Now, a line in the sand is being drawn on this issue in Denver, Colorado, as a recall effort has been mounted against School Board Member Nate Easley - specifically over his conflict of interest in employment and neglecting to listen and meet with concerned parents of Northeast Denver.

This recall will pit parents who are grassroots organizers against the 'reforms' that close schools from the administration and its Secretary of Education.

This recall does not just threaten one Denver Public School Board member, but goes much higher up - even the President has been brought in for political cover. (No one from the school he mentions was in the audience for the SOTU - every other honoree was in attendance, almost like a last minute addition).

The postive press Bennet and Boasberg got from that SOTU shout-out may have looked good from afar, but it could not hide the fact that in the same week, the ballots were certified to recall Nate Easley, a clear sign that Denver parents are not happy with the way the Schools are being run.

First, why recall Nate Easley? At the time Nate Easley was running for the school board, the board was a 4-3 majority in favor of Superintendent Boasberg's continued plans for shutting down schools, just as his predecessor, (Senator) Michael Bennet had done with Manual High School. Parents had heard that Boasberg was now going to bring a vote to shut down Montbello High School.

Public outcry over this was heated, with parents crying out 'NO' to the idea, as you can see here.

Nate Easley failed to keep his campaign pledge to meet and listen to the parents, specifically on the potential Montbello closure. (hattip to Christopher Scott)

Easley missed multiple meetings with groups of community members, which is never a good policy for an elected official. Community members also point out that Easley has failed to notice meetings where school board members have discussed public business and made policy decisions, which has just fueled the fire of distrust between Easley and those he represents.
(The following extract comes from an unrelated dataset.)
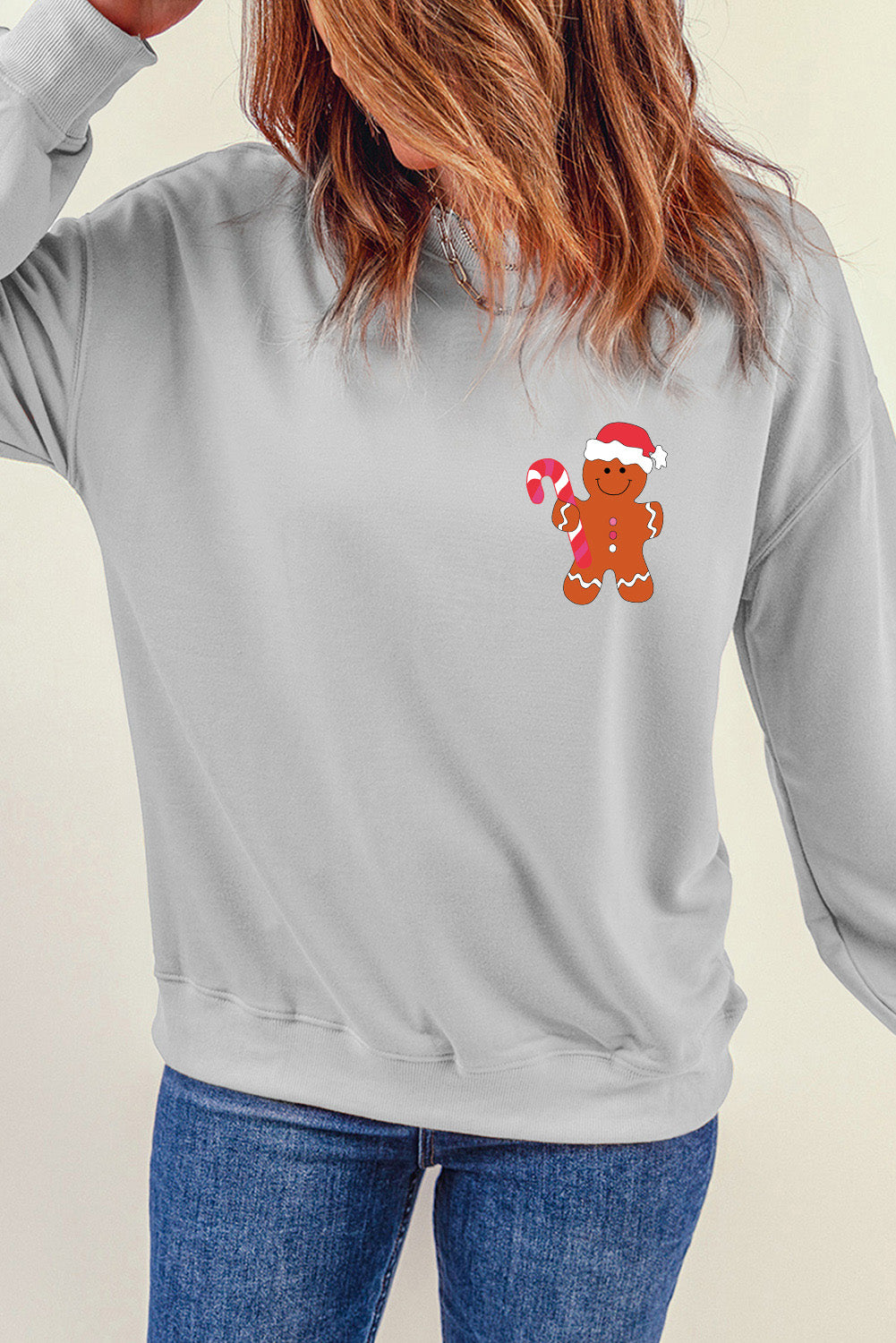 Gray Christmas Gingerbread Man Crew Neck Graphic Sweatshirt Graphic Sweatshirts JT's Designer Fashion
Parents cite a general lack of accountability with Easley, who, they say, does not respond to emails or phone calls.

Far NE Denver resident Donna Moore, told me, "That's what Easley was elected to do - meet with us and represent us on the school board. He can't be bothered to do that, so he's got to go."

It also appears that Easley has a major conflict of interest with his duty as a School Board Member.
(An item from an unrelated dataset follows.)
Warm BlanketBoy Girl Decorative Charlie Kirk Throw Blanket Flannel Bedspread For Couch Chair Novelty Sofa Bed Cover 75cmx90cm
Easley works as the Deputy Director of the Denver Scholarship Foundation, an organization intimately associated with the Denver school system. ...superintendent Tom Boasberg has an active leadership role on the foundation... Boasberg ...could exert tremendous professional pressure on Easley, who needs a paying job to feed his family.

On the other hand, as Board president, Easley is directly responsible for Boasberg's employment status at DPS. He oversees the preparation of Boasberg's professional evaluation. He has significant influence in Boasberg's compensation package. In theory, Boasberg should think of himself as reporting directly to Easley as long as Easley is Board of Education president.

If Easley is recalled, the board's minority will become the majority, and investigations that have been blocked for years will begin, setting off a chain of events. Consider this: In the Spring of 2008, current US Senator Michael Bennet was Superintendent Bennet. He and his assistant Tom Boasberg persuaded the Denver Public School Board to invest the School's Budget into a derivative wwap with JP Morgan.

Flash forward two years later, and Michael Bennet is now Senator Bennet, involved in the Democratic Primary with Andrew Romanoff.

Three out of seven DPS school board members are asking lots of questions about the soundness of the derivative swap, so much so that even the New York Times did an investigation into the swap.

All through the primary, the three dissenting board members -- Arturo Jimenez, Andrea Merida, and Jeanne Kaplan -- were brushed aside by the majority board members and by Superintendent Boasberg. Boasberg referred to their inquiry as being 'politically motivated' by supporters of Bennet's primary opponent.

The facts do not support this. Official emails from board member Jeanne Kaplan show she had been asking questions of Michael Bennet and Tom Boasberg as far back as the fall of 2008, before Obama was elected or Ken Salazar was picked to be Secretary of the Interior and before Bennet became a Senator.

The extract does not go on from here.